J’ai été un moment traînée par terre, et l’officier disait : « Si tu ne te relèves pas, je ne pourrai pas te sauver de leur mains ; tu seras bien, bien pétrie ! » Deux minutes se sont écoulées, pendant lesquelles je ne sais ce qui s’est passé. Peut-être ai-je perdu connaissance. Lorsque je suis revenue à moi-même, on me demandait de monter dans un véhicule. Je n’avais plus de forces.

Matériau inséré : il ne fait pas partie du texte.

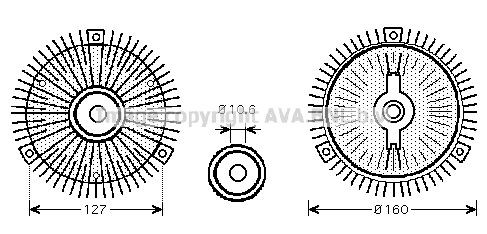 PRASCO Kobling, kølerventilator OLC553 OLC553 Køleventilator kobling PRASCO OPEL INSIGNIA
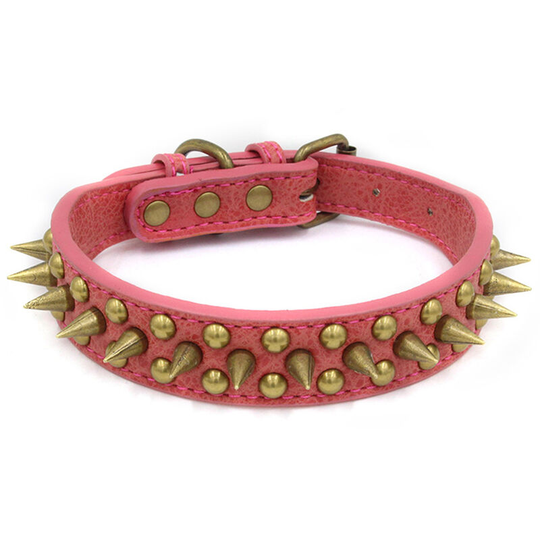 Dog Collar Nail Stud Pu Leather Bite Proof For Small Medium Large Dog Pit Bull Mastiff Collar Boxer Bully Dog Collar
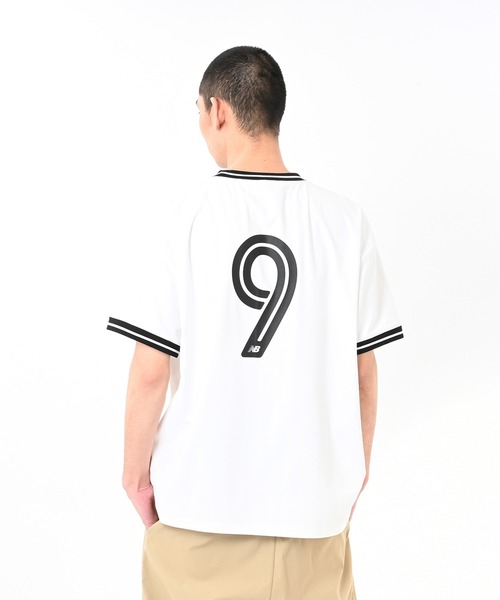 NEW BALANCE(ニューバランス)の「フットボールシャツ(Tシャツ/カットソー・メンズ・ブラック系その他/レッド/ホワイト・XX-LARGE/X-LARGE/LARGE/MEDIUM/SMALL)」の5枚目の写真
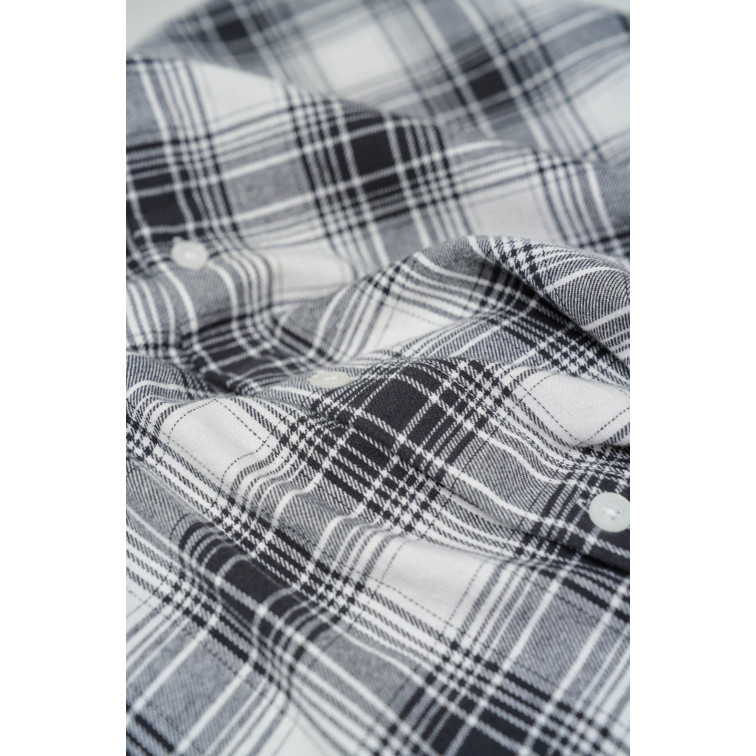 CAMISA HOMBRE  SALSA JEANS PLAID COTTON SHIRT SLIM FIT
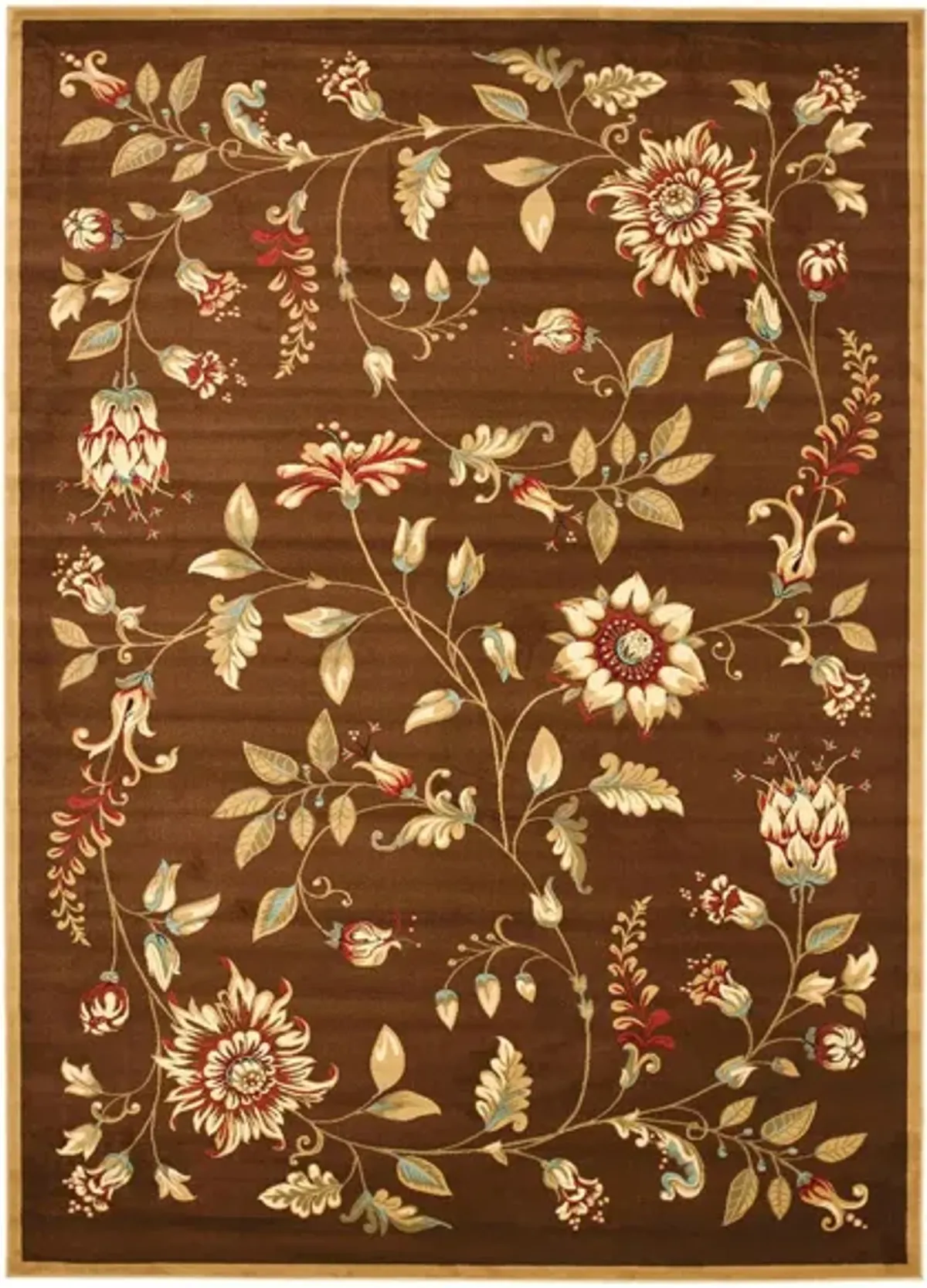 Abernethy Area Rug in Brown / Multi by Safavieh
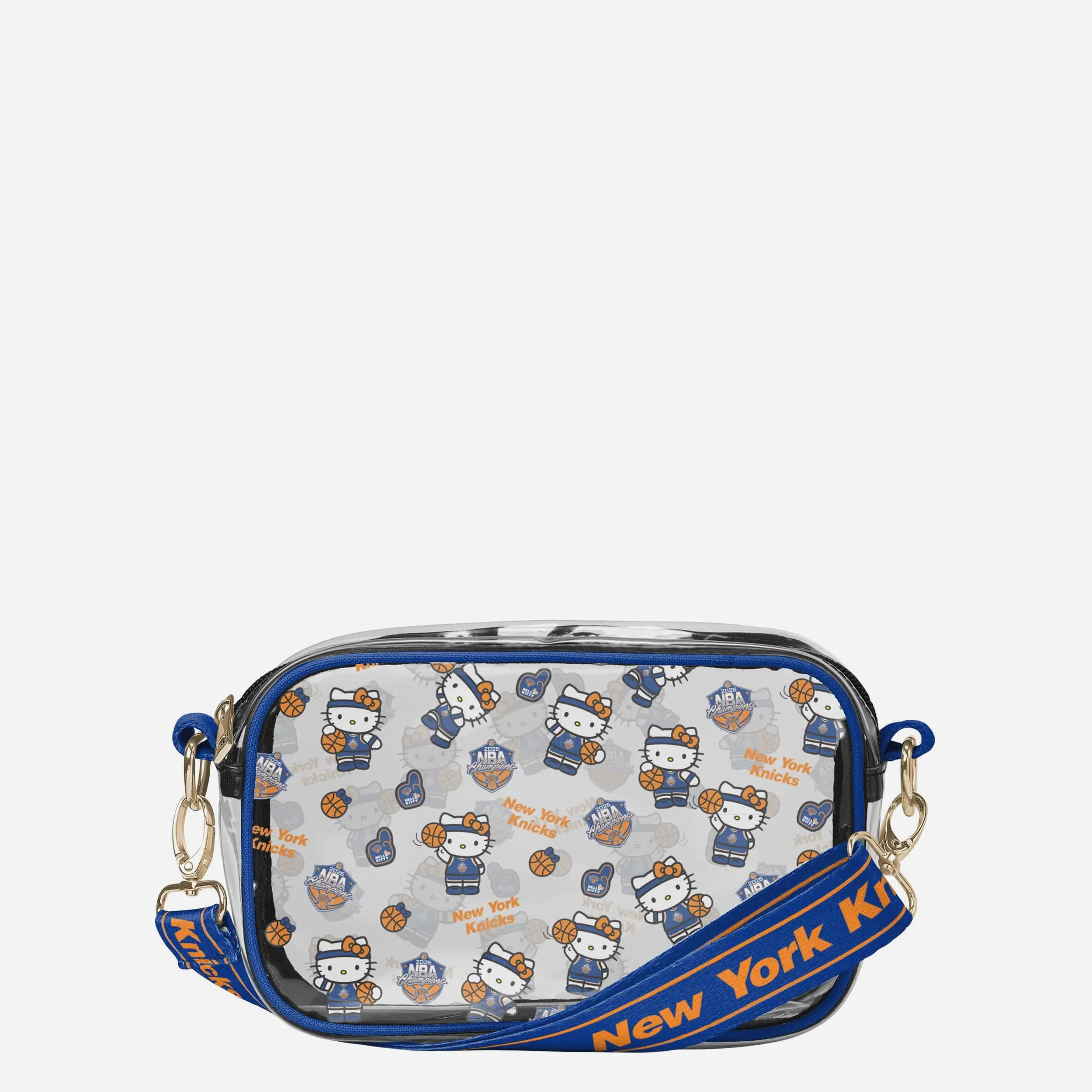 New York Knicks 2026 NBA Champions Hello Kitty® Clear Crossbody Bag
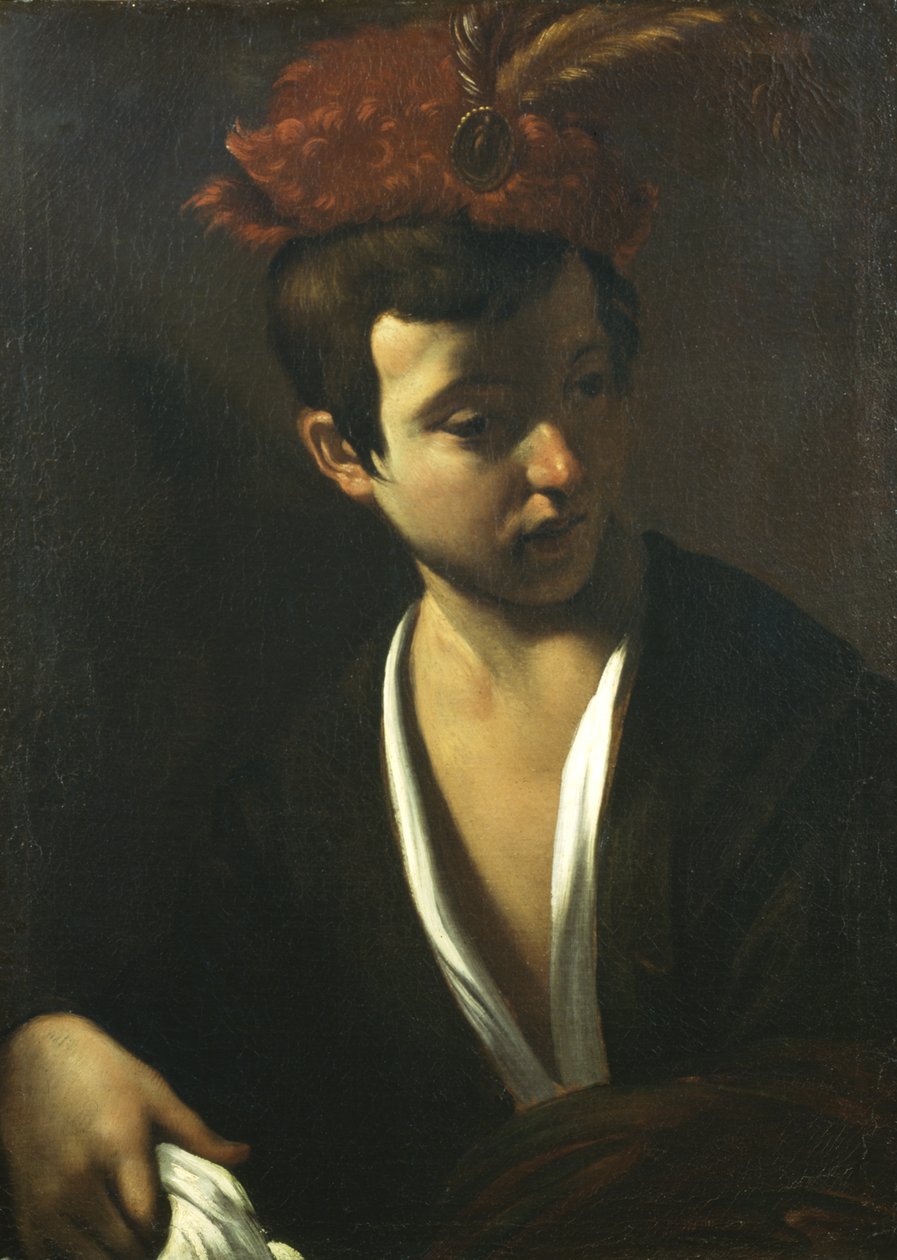 Garçon avec un chapeau à plumes - Unknown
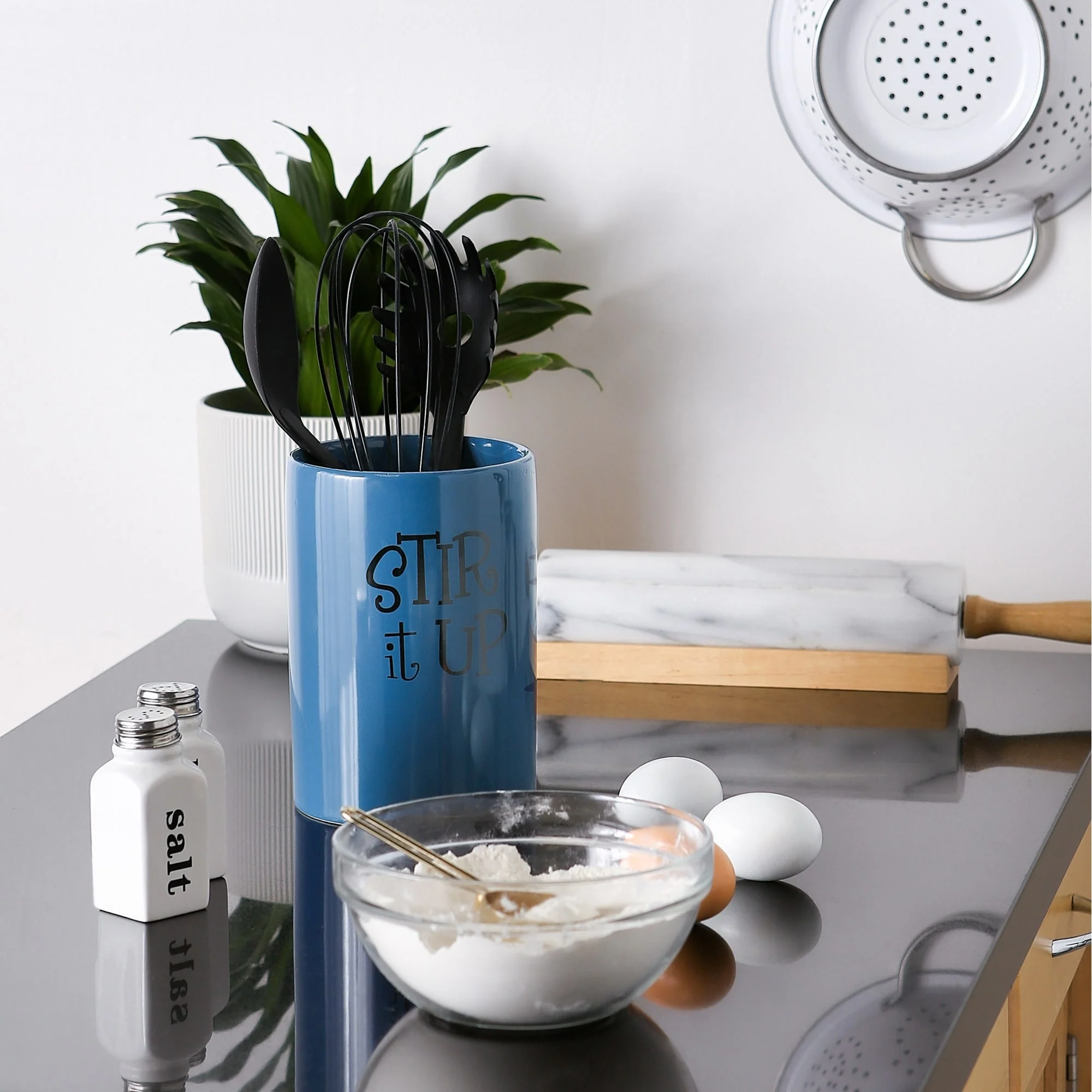 DII Stir It Up Ceramic Utensil Holder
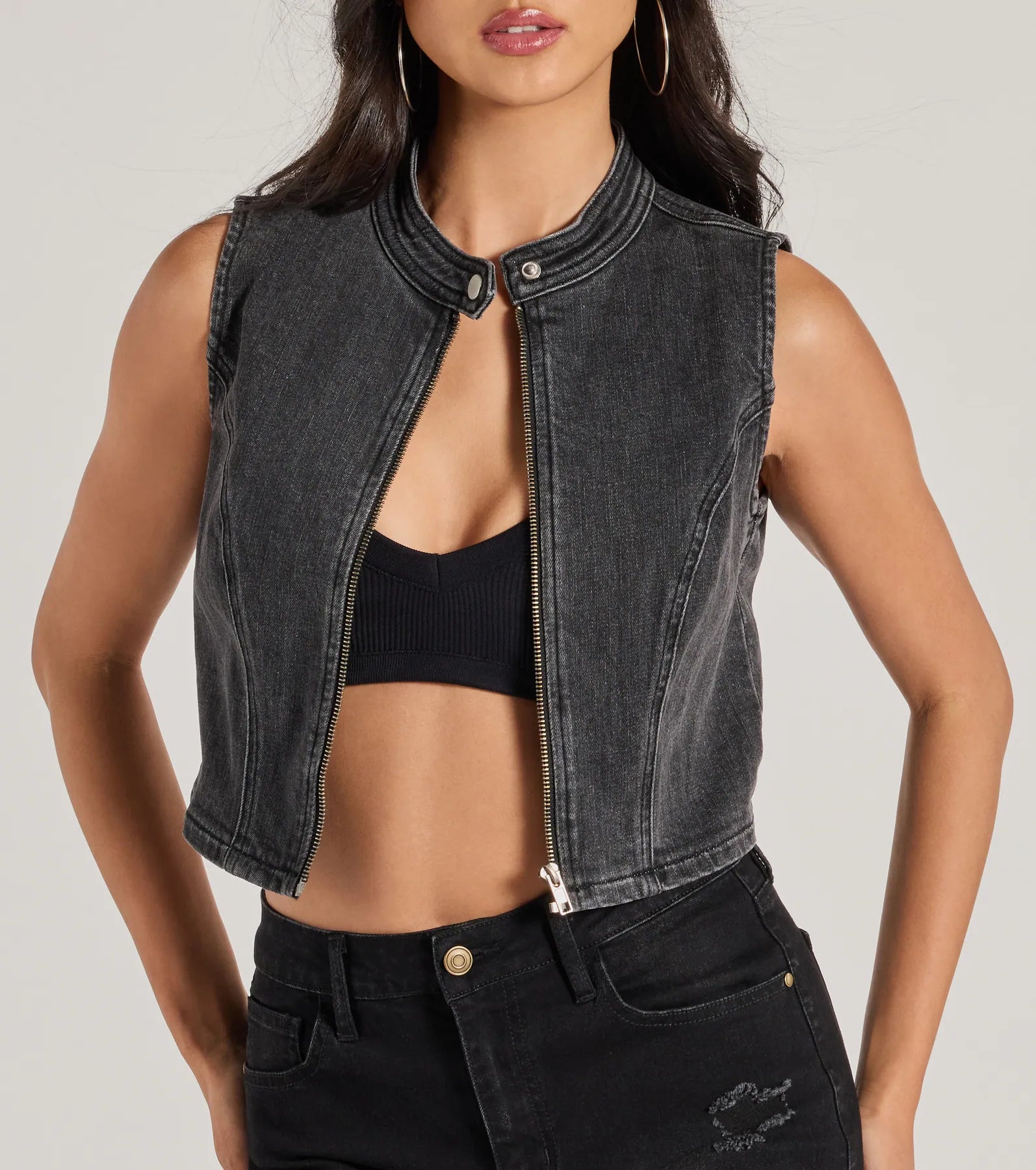 Premium Moto Denim Vest - Ultimate Style Upgrade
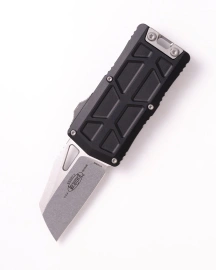 Nóż automatyczny OTF Microtech Exocet II Wharncliffe Black Aluminium, Stoneawshed M390MK by Tony Marfione (1156-10)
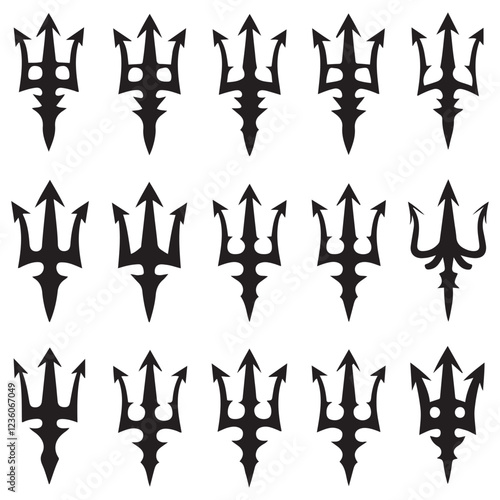 Trident Silhouette vector illustration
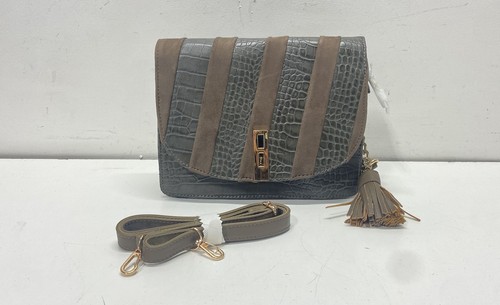 David Jones Croc Embossed Bag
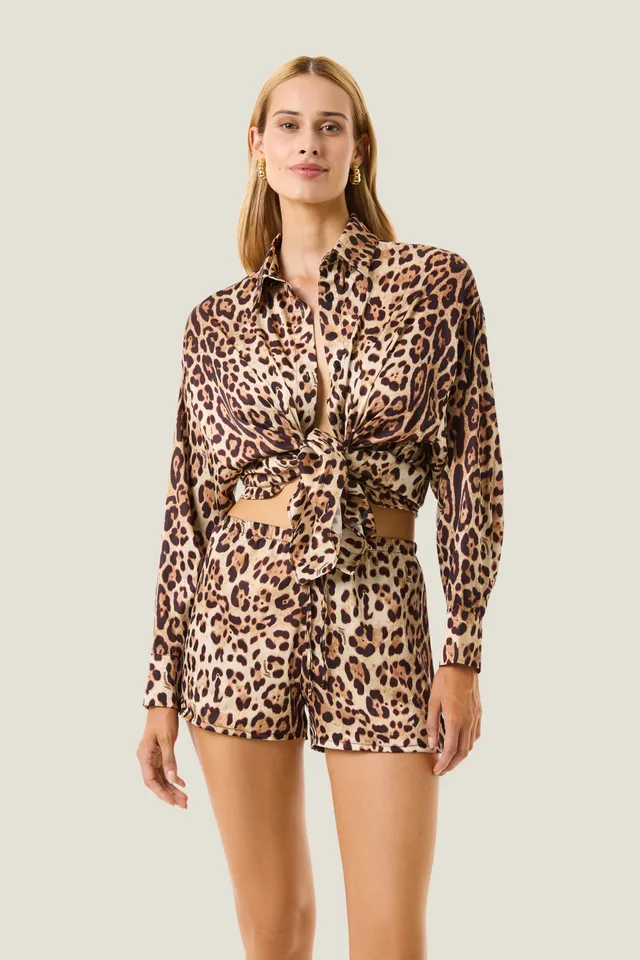 4giveness-camicia-crop-leopard-basic-cover-up-camicia-donna image 1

Injures, menaces et torture morale
Dans le panier à salade (…), j’ai vu mon sac chez l’homme au volant. Il m’avait été pris par ceux-là qui me tabassaient. Je ne me souvenais plus comment on me l’avait enlevé (…). Lorsque nous sommes arrivés au commissariat d’Abdine (centre du Caire, NDT), on m’a dit : « Tu ne vas pas être relâchée mais présentée au Parquet militaire ! » On m’a fait asseoir dans une pièce séparée. Un officier en civil du nom de Karim, qui se faisait appeler « Pacha », est venu m’interroger : « D’où êtes-vous Madame Sana ? » Je lui ai répondu. Il m’a demandé : « Comment vous êtes-vous retrouvée là-bas ? » Je lui ai dit que j’avais reçu un appel d’une amie et que j’étais descendue la voir ! » « Tu mens, je t’ai vu préparer des cocktails Molotov », m’a-t-il dit. « Avez-vous une photo ou une vidéo qui le prouve ? », l’ai-je questionné. Il a répliqué : « Quand c’est moi qui le dis, ne me demande pas de preuve ! »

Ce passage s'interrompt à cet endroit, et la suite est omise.